→ **EXERCISE DESCRIPTION**:
Copy the records word for word. Pictures do not go in.

→ **AVAILABLE DATA**:
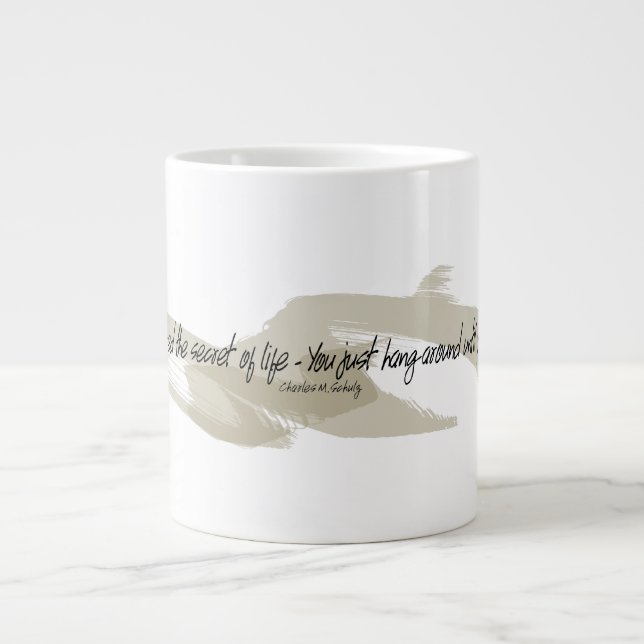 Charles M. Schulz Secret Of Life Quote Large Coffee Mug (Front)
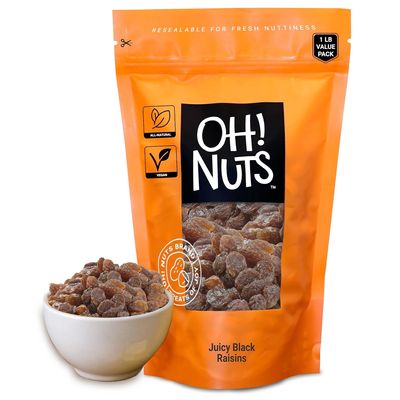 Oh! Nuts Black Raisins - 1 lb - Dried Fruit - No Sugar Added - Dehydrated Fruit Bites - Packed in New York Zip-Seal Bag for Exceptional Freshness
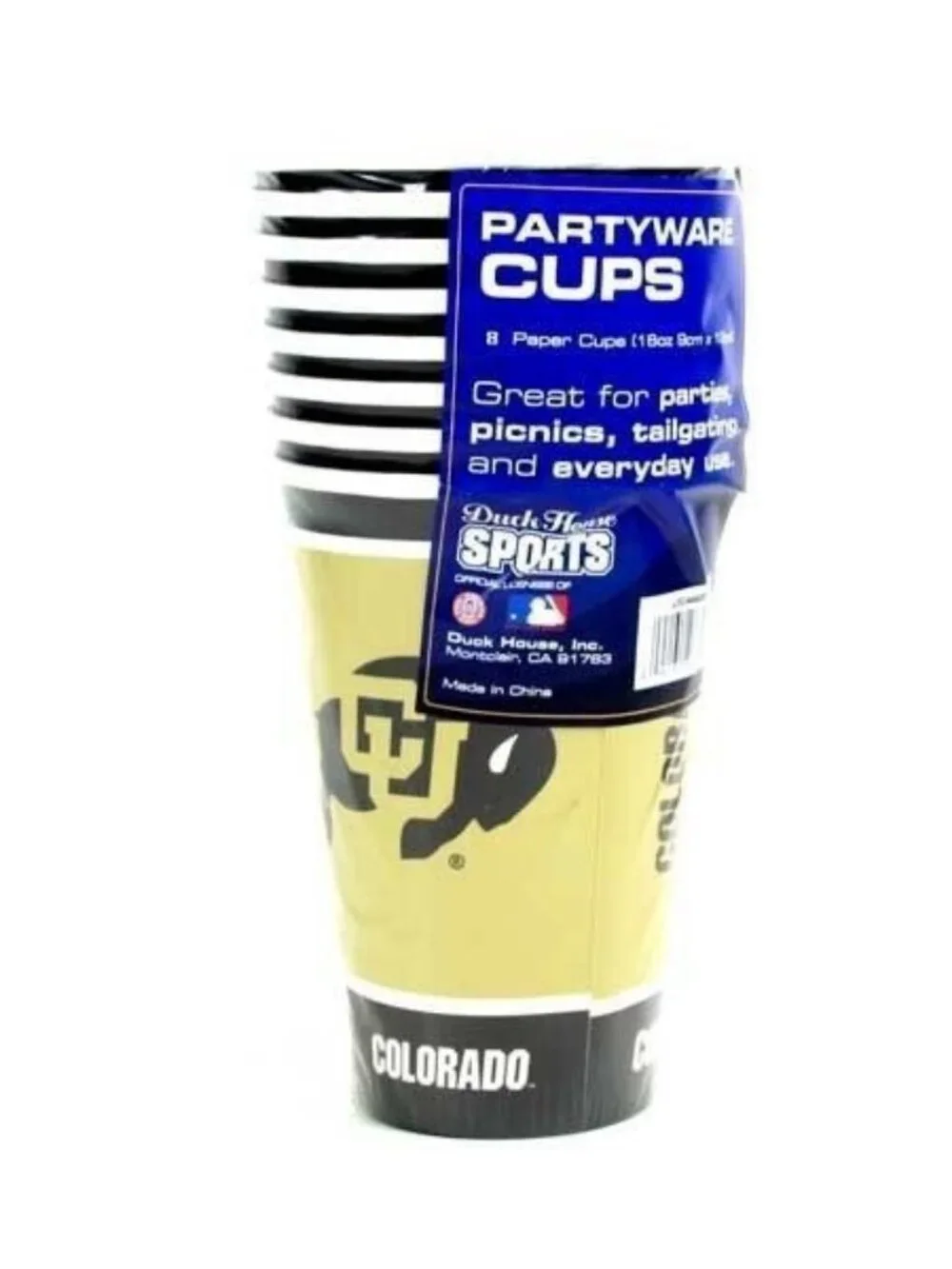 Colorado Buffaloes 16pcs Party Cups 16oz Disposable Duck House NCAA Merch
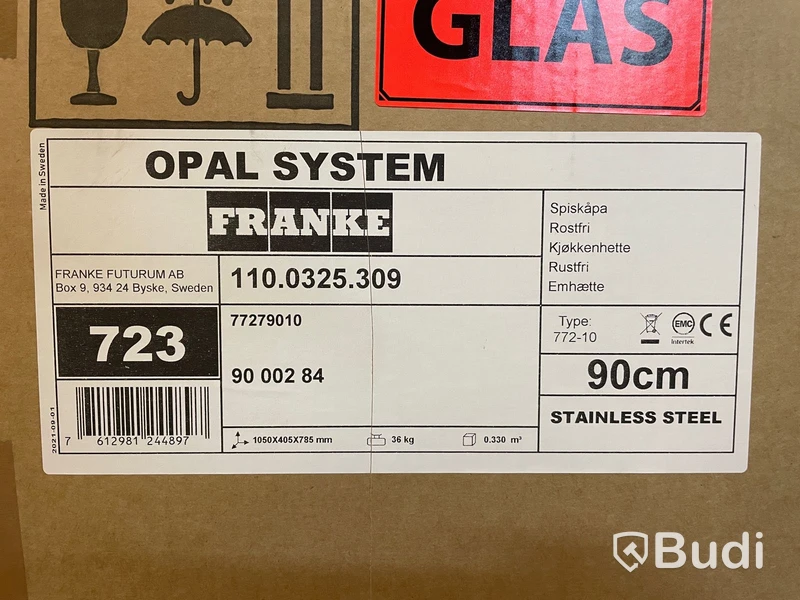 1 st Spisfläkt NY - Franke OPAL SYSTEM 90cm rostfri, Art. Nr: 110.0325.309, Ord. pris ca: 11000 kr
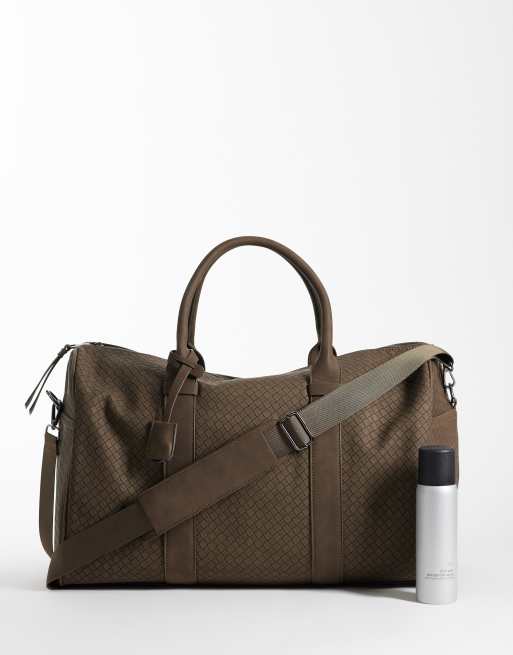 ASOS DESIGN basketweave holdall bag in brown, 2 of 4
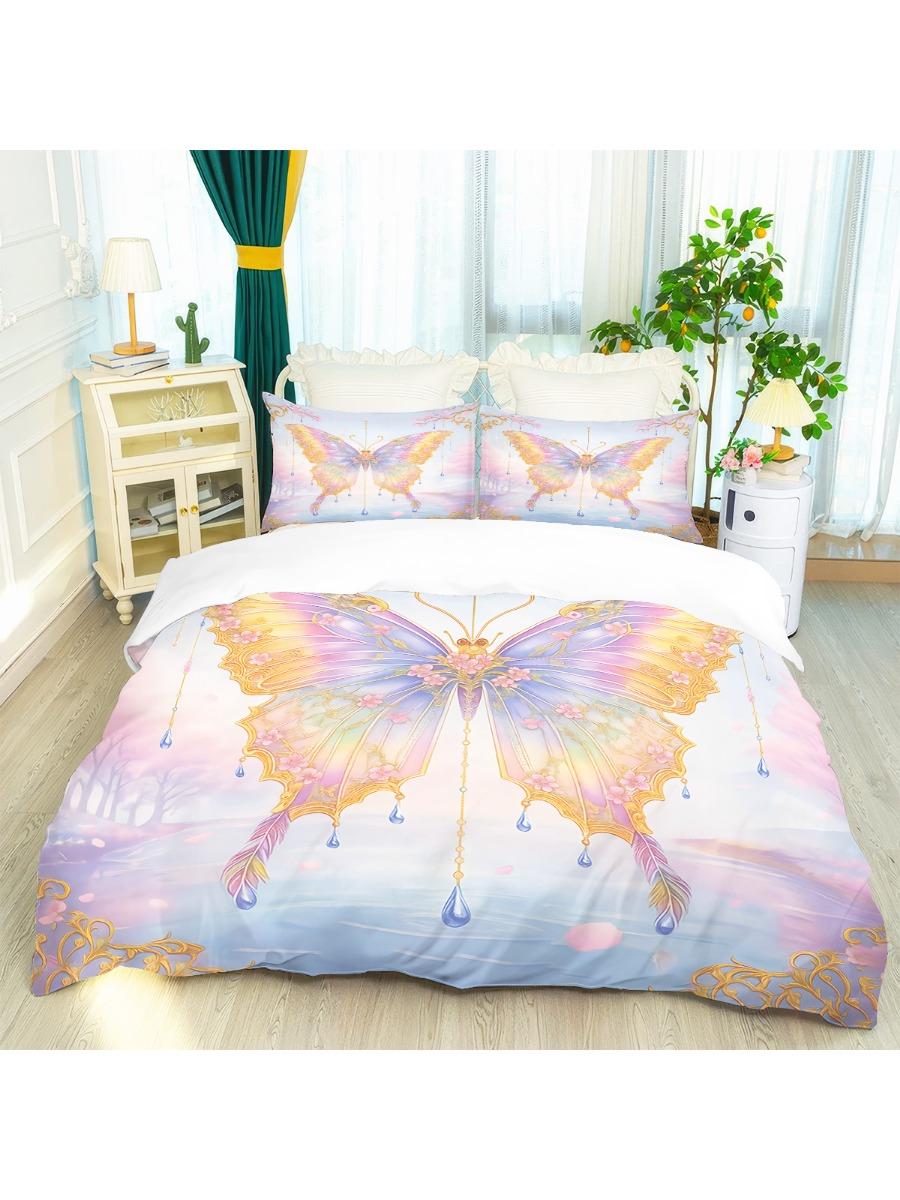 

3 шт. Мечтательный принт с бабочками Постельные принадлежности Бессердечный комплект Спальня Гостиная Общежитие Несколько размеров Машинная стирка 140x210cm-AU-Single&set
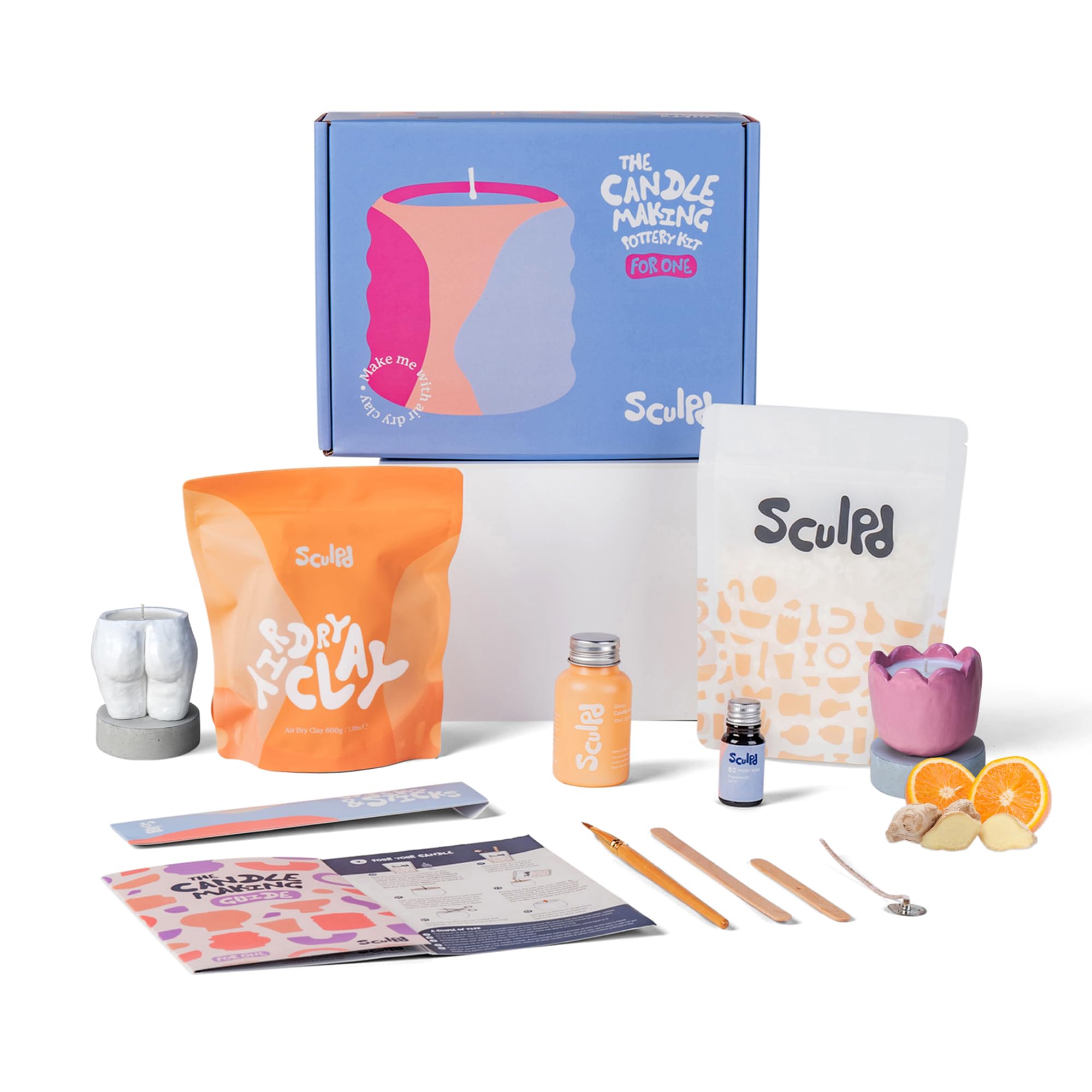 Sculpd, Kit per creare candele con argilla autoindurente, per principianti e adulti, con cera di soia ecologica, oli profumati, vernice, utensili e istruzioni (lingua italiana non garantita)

→ **TASK RESULT**:
 Charles M. Schulz Secret Of Life Quote Large Coffee Mug (Front)
 Oh! Nuts Black Raisins - 1 lb - Dried Fruit - No Sugar Added - Dehydrated Fruit Bites - Packed in New York Zip-Seal Bag for Exceptional Freshness
 Colorado Buffaloes 16pcs Party Cups 16oz Disposable Duck House NCAA Merch
 1 st Spisfläkt NY - Franke OPAL SYSTEM 90cm rostfri, Art. Nr: 110.0325.309, Ord. pris ca: 11000 kr
 ASOS DESIGN basketweave holdall bag in brown, 2 of 4

3 шт. Мечтательный принт с бабочками Постельные принадлежности Бессердечный комплект Спальня Гостиная Общежитие Несколько размеров Машинная стирка 140x210cm-AU-Single&set
 Sculpd, Kit per creare candele con argilla autoindurente, per principianti e adulti, con cera di soia ecologica, oli profumati, vernice, utensili e istruzioni (lingua italiana non garantita)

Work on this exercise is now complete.